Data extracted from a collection
-*-*-

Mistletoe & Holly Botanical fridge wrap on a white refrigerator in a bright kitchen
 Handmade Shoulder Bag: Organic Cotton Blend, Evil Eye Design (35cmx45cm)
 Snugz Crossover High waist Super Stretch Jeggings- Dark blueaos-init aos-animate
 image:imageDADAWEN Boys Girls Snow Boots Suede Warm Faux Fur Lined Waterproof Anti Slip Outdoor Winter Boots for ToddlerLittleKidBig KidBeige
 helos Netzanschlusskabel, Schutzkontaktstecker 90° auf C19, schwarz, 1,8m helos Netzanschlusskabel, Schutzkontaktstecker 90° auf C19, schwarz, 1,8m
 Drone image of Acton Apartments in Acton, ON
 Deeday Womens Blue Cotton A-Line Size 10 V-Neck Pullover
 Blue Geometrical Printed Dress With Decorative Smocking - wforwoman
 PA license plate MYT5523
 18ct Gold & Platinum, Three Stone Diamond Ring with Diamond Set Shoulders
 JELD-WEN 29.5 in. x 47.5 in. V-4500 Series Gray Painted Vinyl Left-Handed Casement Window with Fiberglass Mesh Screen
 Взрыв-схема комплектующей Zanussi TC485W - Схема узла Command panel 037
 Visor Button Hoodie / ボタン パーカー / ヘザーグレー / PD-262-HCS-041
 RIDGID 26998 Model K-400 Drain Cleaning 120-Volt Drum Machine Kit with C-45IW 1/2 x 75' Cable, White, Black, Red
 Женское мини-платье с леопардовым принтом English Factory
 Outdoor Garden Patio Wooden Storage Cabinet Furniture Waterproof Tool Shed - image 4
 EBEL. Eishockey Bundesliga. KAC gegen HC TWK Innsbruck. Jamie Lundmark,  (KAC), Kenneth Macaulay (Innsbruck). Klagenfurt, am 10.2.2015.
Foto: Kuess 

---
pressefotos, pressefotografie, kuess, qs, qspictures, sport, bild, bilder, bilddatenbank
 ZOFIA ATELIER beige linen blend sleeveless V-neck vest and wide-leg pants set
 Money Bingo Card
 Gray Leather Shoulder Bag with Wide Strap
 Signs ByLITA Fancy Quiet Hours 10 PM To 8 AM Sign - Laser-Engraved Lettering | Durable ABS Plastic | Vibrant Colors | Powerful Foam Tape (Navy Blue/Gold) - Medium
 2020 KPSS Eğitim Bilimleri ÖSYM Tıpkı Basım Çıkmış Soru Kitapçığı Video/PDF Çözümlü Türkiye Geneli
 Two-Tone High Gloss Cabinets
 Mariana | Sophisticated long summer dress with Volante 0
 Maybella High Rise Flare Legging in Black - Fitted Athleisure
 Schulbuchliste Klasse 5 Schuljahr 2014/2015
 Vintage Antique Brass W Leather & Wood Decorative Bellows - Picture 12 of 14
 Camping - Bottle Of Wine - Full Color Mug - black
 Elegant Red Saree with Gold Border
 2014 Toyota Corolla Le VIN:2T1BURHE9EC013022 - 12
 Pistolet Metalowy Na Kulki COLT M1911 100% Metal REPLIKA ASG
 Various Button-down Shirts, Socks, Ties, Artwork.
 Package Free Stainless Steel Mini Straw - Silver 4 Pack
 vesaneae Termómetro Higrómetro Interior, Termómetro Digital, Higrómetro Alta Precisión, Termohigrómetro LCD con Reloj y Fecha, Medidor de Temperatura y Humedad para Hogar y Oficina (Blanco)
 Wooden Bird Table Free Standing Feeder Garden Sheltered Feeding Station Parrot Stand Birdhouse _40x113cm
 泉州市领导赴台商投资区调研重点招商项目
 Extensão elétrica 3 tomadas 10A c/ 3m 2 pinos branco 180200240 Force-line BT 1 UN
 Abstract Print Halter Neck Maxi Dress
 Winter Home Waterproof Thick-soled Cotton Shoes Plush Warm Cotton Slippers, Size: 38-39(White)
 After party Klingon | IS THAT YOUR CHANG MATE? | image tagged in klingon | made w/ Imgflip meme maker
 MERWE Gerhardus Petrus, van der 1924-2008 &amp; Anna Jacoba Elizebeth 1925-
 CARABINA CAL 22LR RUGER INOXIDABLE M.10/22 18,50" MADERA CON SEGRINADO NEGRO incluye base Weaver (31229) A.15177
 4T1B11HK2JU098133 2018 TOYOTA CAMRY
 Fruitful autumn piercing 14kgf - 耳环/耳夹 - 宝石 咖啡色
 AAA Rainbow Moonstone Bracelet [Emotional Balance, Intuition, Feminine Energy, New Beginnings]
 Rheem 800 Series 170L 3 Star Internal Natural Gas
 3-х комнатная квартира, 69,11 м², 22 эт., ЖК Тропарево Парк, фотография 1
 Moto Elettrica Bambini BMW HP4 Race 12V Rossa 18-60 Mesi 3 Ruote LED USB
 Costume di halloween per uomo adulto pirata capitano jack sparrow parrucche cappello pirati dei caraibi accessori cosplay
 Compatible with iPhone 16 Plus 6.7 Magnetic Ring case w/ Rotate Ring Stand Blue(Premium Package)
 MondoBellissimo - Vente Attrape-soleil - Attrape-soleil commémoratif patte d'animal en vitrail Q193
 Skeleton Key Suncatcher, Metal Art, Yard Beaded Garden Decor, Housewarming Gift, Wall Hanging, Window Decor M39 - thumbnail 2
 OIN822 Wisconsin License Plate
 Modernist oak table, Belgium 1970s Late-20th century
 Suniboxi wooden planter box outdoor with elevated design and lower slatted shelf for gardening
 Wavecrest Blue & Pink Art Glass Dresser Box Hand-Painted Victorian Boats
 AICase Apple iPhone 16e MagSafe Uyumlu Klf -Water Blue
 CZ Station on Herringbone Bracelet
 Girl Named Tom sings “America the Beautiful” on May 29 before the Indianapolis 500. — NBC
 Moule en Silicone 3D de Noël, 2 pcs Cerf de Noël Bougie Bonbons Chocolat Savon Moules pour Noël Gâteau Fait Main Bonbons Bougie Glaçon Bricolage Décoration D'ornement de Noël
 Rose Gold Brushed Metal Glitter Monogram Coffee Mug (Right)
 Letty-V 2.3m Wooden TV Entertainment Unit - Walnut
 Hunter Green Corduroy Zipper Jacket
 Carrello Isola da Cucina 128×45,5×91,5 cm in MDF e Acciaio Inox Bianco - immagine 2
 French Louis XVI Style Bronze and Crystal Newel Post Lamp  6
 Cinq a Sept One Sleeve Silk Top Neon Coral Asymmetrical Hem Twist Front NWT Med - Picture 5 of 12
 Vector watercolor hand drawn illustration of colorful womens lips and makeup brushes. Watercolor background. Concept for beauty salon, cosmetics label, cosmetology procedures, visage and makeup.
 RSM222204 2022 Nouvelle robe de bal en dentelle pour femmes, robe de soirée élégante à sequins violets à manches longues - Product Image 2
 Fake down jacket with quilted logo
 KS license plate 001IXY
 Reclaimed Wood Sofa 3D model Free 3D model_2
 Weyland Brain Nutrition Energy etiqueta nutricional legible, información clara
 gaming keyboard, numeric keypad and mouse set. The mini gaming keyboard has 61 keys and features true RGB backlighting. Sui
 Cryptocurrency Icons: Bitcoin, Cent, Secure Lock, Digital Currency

-*-*-

Exercise: Look through the entries above for the word "pour". Say how many lines contain it, using only a number.

Response to this exercise: 2